I don’t think anyone in the U.S. is more qualified than Mark Wilson, and I have far too much respect for him to suggest that he be replaced as captain of Team USA, but even he acknowledged that is a possibility. After all, the Mosconi Cup is Matchroom’s product, and they certainly don’t need to explain or apologize to anyone for taking the steps necessary to ensure continued growth and success.

So, in the event Matchroom does find it necessary to make a change at the helm of Team USA, here is my suggestion: Johan Ruijsink.

For those not familiar, the Dutch-born Ruijsink captained Team Europe seven times between 2006 and 2014 and posted a 6-0-1 record.

I know. I know. He’s not American. I realize Willie Mosconi just spun in his grave.

Just hear me out.

Johan Ruijsink is one of the world’s top instructors and coaches. The 50-year-old Dutchman took over Team Europe during those years of American domination and turned the squad into the fierce competitors that they are today. His first year at the helm was 2006, when his team tied the Americans, 12-12. After that, Team Europe won six times against zero defeatswith Ruijsink in charge.

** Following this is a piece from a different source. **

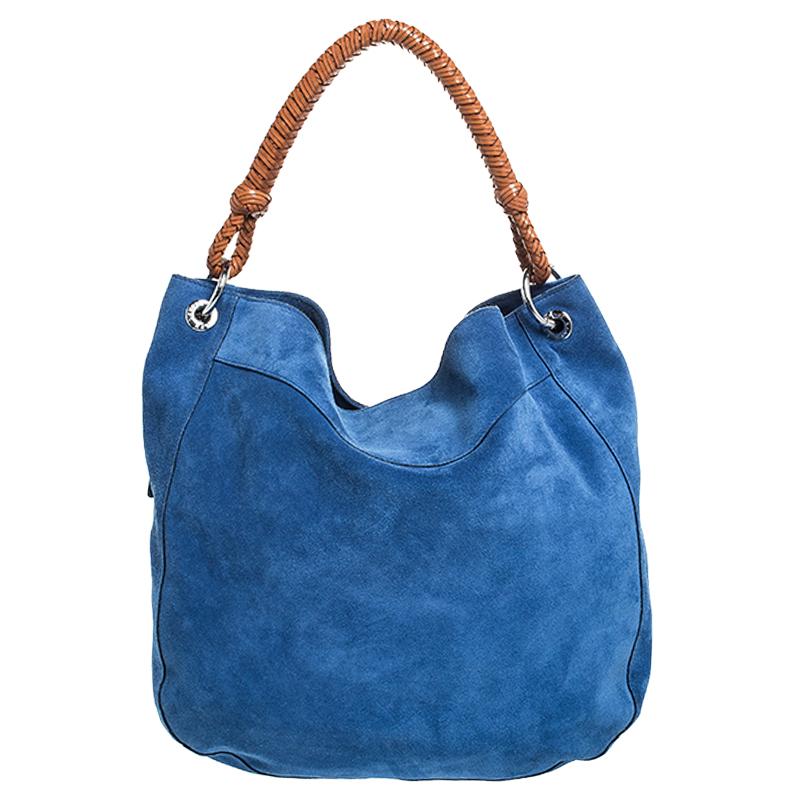 Ralph Lauren presents a meticulously crafted elegant handbag for the fashionable you. Crafted in Italy, it is made of nubuck leather and leather. It comes in lovely shades of blue and tan. This hobo has a woven handle, a fabric interior with a zip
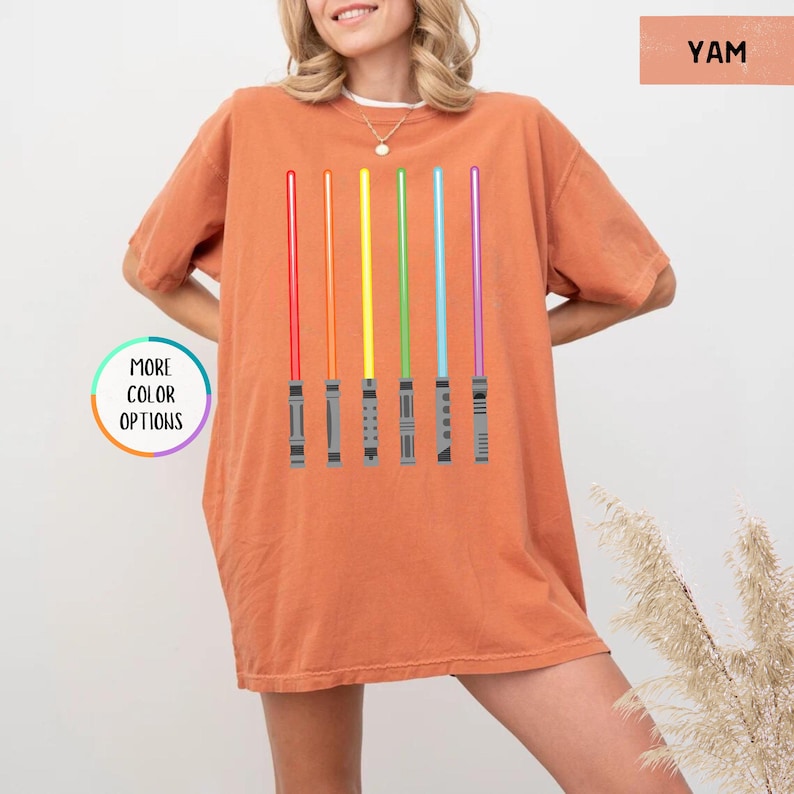 K&ouml;nnte beinhalten: Ein orangefarbenes T-Shirt mit einem Regenbogen-Lichtschwert-Design. Die Lichtschwerter sind rot, orange, gelb, gr&uuml;n, blau und lila. Das Shirt hat den Text "MORE COLOR OPTIONS" links und "YAM" oben rechts.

Think he was simply fortunate enough to take over Team Europe as they were peaking? The last time Team USA won (2009), was one of only two times between 2006 and 2014 that Ruijsink was not Europe’s captain.

Now, about that “he’s not an American” argument.

Who says the coach must be American. Sports history is littered with instances of foreigners running national teams. Were Americans offended when Romanian gymnastics coaching legend BelaKarolyi took over Team USA and turned it into a gold medal machine? Were American soccer fans up in arms when Sweden’s PiaSundhage took over USA Soccer’s women’s program and produced a pair of Olympic gold medals? The bottom line is to maximize Team USA’s chances of not just competing in the Mosocni Cup. The bottom line is to drive Team USA to win the Mosconi Cup. Of course, Ruijsink is much more than simply a once-a-year-captain. He is a coaching legend in Europe. A former top Dutch player, Ruijsink turned to coaching in the ’90s. His small, six-table room in The Hague was open only to players committed to training. Ruijsink’s training methods turned Holland into a European power, with the likes of Rico Diks, Alex Lely, Nick Van den Berg and NielsFeijen turning their games over to him.

A voracious student of training and coaching techniques, Ruijsink earned a Master Coach degree from the Dutch Olympic Committee in 2000. It is the highest coaching education in Holland, allowing him to coach any sport. Over the past two years, Ruijsink has been coaching in Russia, where the Russian federation hired him to develop its crop of talented young shooters, like Konstantin Stepanov, RuslanChinakhov and rising star Maxim Dudanets. Ruijsink will be bringing his Russian brigade to the Derby City Classic in January.

Trust me on this one. If change is necessary, this is the right man for the job.

Of course, there are questions I can’t answer. Would Matchroom go for such an idea? Hearn is a pretty shrewd operator, so I’d have to guess this idea has already crossed his mind. And given the fact that he desperately wants to see the U.S. competitive again, and the fact that he loves a good storyline, I can’t see why he wouldn’t entertain contacting Ruijsink. Would Ruijsink consider coaching Team USA? Can’t say for sure, but two years ago he told me he was stepping down as coach of Team Europe because he “didn’t see the challenge in coaching Team Europe any longer.”

The $60,000 question, though, is this: Would American players put aside their egos to be coached by a foreigner? Unless they are more pigheaded and self-absorbed than I imagine, they should.

I guarantee one thing: Announcing Ruijsink as Team USA captain would scare the living bejeezus out of Team Europe.